I. Introduction to ABR anaerobic tower
The ABR anaerobic tower is equipped with vertical baffles, which Anaerobic tower It is divided into several series of reaction chambers. Each reaction chamber is a relatively independent UASB system, in which sludge exists in the form of granules or flocs. The water flow is guided up and down by the baffle plates, passing through the sludge bed in each reaction chamber one by one. The substrate in the influent is fully mixed and contacted with the microorganisms to be degraded and removed.

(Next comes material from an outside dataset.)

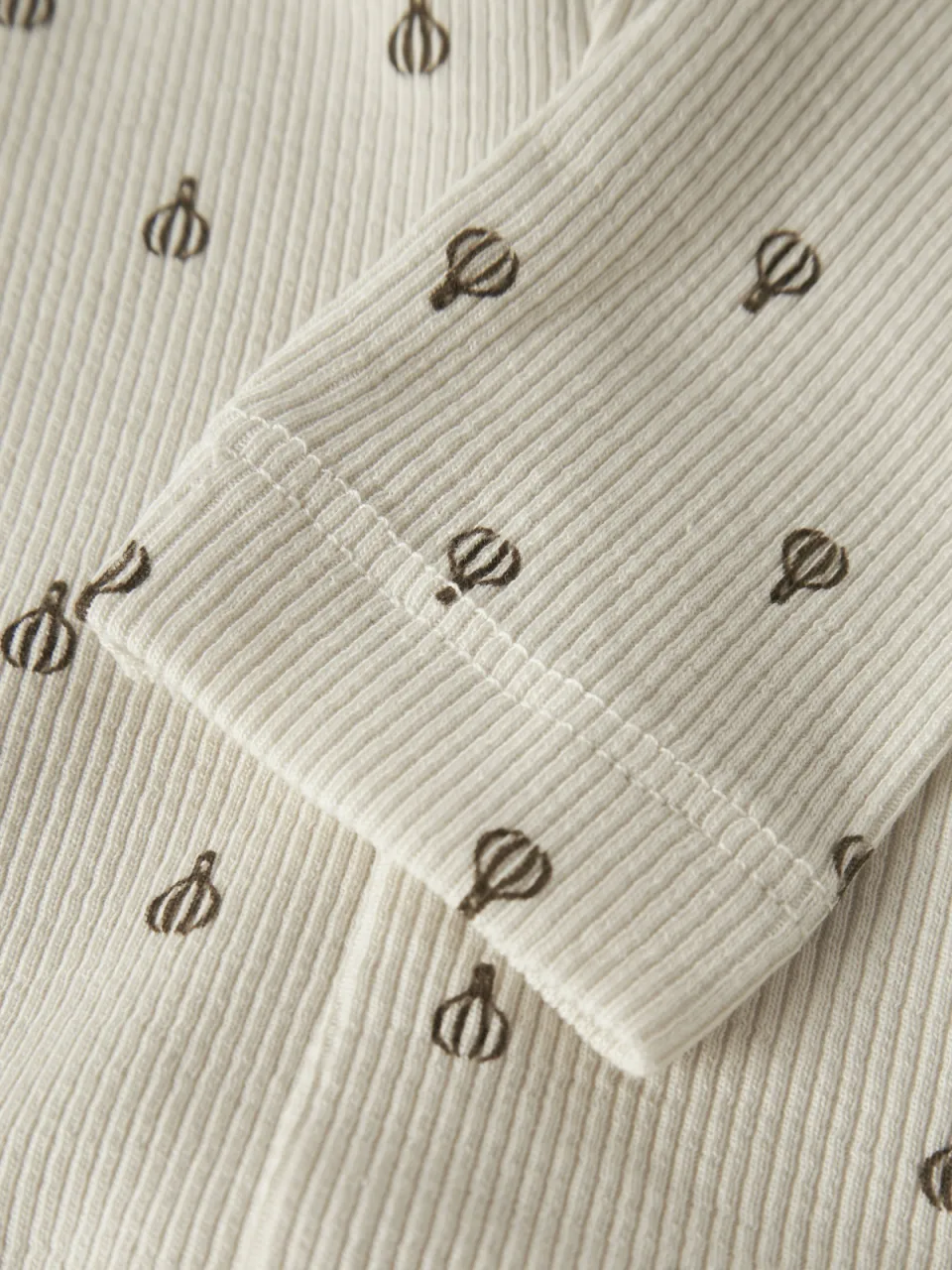 Lil' Atelier slim fit gebreide babybroek met print ecru, foto 3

II. Application fields of ABR anaerobic tower
ABR anaerobic towers are widely used in many industries, including low-concentration, high-concentration, high-solids-concentration wastewater, sulfate wastewater, bean product wastewater, grass pulp black liquor, citric acid wastewater, molasses wastewater, dyeing wastewater, livestock and poultry farming wastewater, pharmaceutical and chemical wastewater, etc.
ABR anaerobic treatment, due to its strong treatment capacity, is often used to treat high-concentration organic wastewater and is very important in the daily operation of wastewater systems. During the operation of the anaerobic tower, phenomena such as slow growth of granular sludge, insufficient gas production, and sludge leakage often occur. Today, we will talk about the causes and solutions of these abnormal phenomena.

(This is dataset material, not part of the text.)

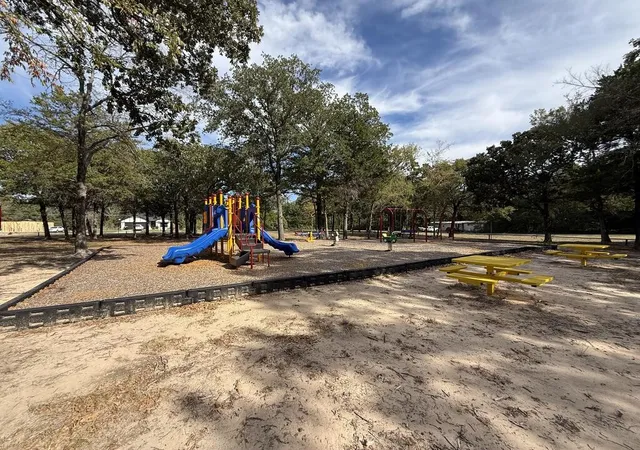 Photo 3 of Land for sale at 150 Running Deer Rd, Mabank, TX 75156 | MLS# 21320927 | Listing updated on 2026-09-30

1. Anaerobic tower Granular sludge growth is too slow
Reasons: Due to insufficient nutrients and trace elements; excessive influent pre-acidification; low sludge load; washing away sludge; granular sludge splitting.
Solutions: Increase the concentration of liquid nutrients and trace elements; reduce the degree of pre-acidification; increase the reactor load.
2. Reactor overload
Reasons: Due to insufficient sludge or insufficient methane-producing activity of sludge in the ABR anaerobic system.
Solutions: Increase sludge activity, sludge quantity, seed sludge quantity, or promote sludge growth; reduce sludge loss.
3. Insufficient methane-producing activity of sludge
Reasons: Insufficient nutrients and trace elements; excessive growth of acid-producing bacteria; accumulation of organic suspended solids in the reactor; decrease in the medium temperature of the reactor; toxic substances that control activity in wastewater or environmental conditions, and precipitation caused by inorganic substances such as calcium ions.
Solutions: Supplement nutrients and trace elements; increase the degree of pre-acidification of wastewater; reduce the reactor load; increase the temperature; reduce the concentration of suspended solids; reduce the concentration of calcium ions in the feed liquid; use a sedimentation tank before the ABR anaerobic system.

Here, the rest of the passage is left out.